Next.js Caching Features
Catalyst uses several caching mechanisms in Next.js, including request memoization and the Data Cache. These are designed to improve performance, reduce redundant requests, and lower rendering costs. For more details, check out the Caching documentation (opens in a new tab) on Next.js.
Request Memoization
Catalyst utilizes Next.js’s request memoization (opens in a new tab) to ensure data is fetched once during the React render cycle, even if requested multiple times within the component tree. This reduces unnecessary network requests, improving performance across your storefront.
For data fetching that might potentially be performed multiple times within a single page request, we wrap async functions with the cache
utility. This memoizes the result and returns the cached value on subsequent calls.
Example:
export const getProduct =
cache(
async (entityId: number, customerAccessToken?: string) => {
const { data } = await client.fetch({
...
});
return data.site.product;
}
);
Data Cache
Next.js extends the native fetch
API to cache data across requests, allowing cached data reuse until it's invalidated. This ensures faster response times and reduces the load on external APIs, like the BigCommerce GraphQL Storefront API.
Data Cache behavior is controlled by the fetchOptions
parameter passed to the Catalyst API Client (opens in a new tab).
Example:
import { revalidate } from '~/client/revalidate-target';
const { data } = await client.fetch({
document: ProductQuery,
fetchOptions: { next: { revalidate } },
});
fetchOptions
parameters are passed directly to fetch
and follow the standard Next.js conventions. See the Next.js docs on the cache (opens in a new tab) and next.revalidate (opens in a new tab) parameters.
Anonymous vs. Customer-Specific Requests
By default, Catalyst utilizes the Data Cache for fetch
requests for anonymous data, which account for the vast majority of requests on a typical storefront.
This setup ensures non-unique, repeatable requests benefit from caching while requests affected by customer context are appropriately dynamic.
- Cacheable data: For data that is cacheable, such as product data,
fetchOptions
is configured to allow caching for guests and disallow it for logged-in customers. - Non-cacheable data: For data that is never appropriate to cache, such as cart data,
fetchOptions
is always configured to disallow caching.
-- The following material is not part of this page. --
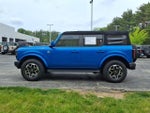 2024 Bronco Thumbnail 6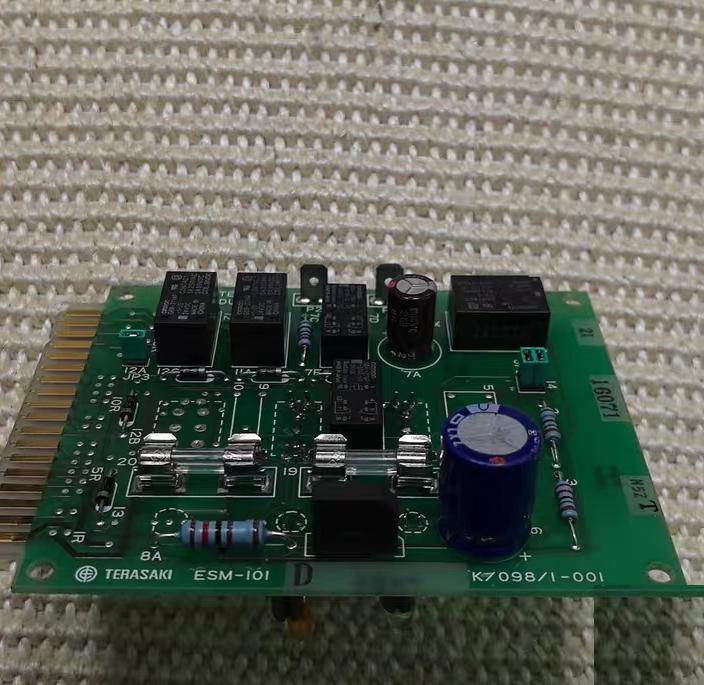 TERASAKI ESM-101D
This configuration is passed on a per-request basis, so you can configure caching behavior to best suit the needs of a particular fetch.
Recommended Practices
To ensure optimal performance, when crafting your own API requests, use fetchOptions
to take advantage of the Data Cache for any anonymous data or disable it for customer-specific data.
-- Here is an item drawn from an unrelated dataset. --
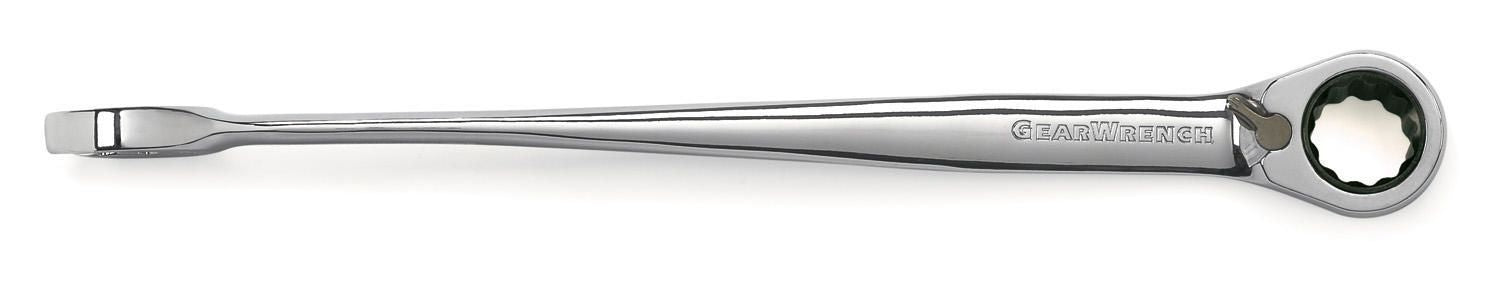 Apex Tool 85368 Gearwrench 9/16IN X-BEAM REV COMB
Example of catalog data fetch:
import { getSessionCustomerAccessToken } from '~/auth';
import { revalidate } from '~/client/revalidate-target';
const customerAccessToken = await getSessionCustomerAccessToken();
const { data } = await client.fetch({
document: ProductQuery,
customerAccessToken,
fetchOptions: customerAccessToken ? { cache: 'no-store' } : { next: { revalidate } },
});
Example of cart data fetch:
import { getSessionCustomerAccessToken } from '~/auth';
const customerAccessToken = await getSessionCustomerAccessToken();
const { data } = await client.fetch({
document: CartQuery,
customerAccessToken,
fetchOptions: {
cache: 'no-store',
},
});
Controlling Cache Duration
For data that is not customer-specific, we usually apply a default caching strategy of 1 hour, adjustable via the revalidate
property in the fetch
function. Most functions use a value based on the DEFAULT_REVALIDATE_TARGET
environment variable. Adjust this value depending on your store's needs. Here’s a recommendation guide:
Traffic | Product/Category Updates | Recommendation |
---|---|---|
High | High | 1-8 hours |
High | Low | 8-24 hours |
Low | High | 1-8 hours |
Low | Low | 24-48 hours |
The lower the DEFAULT_REVALIDATE_TARGET
, the more requests your store will make to the BigCommerce API, leading to rate limiting and increased costs. Monitor API usage and adjust the DEFAULT_REVALIDATE_TARGET
accordingly.
Rate Limiting
BigCommerce GraphQL mutations are rate-limited by the request IP. Catalyst adds the shopper’s IP address to the request headers when a fetch
request has a cache
value of no-store
or no-cache
. This helps prevent rate limiting and ensures your store can handle high traffic.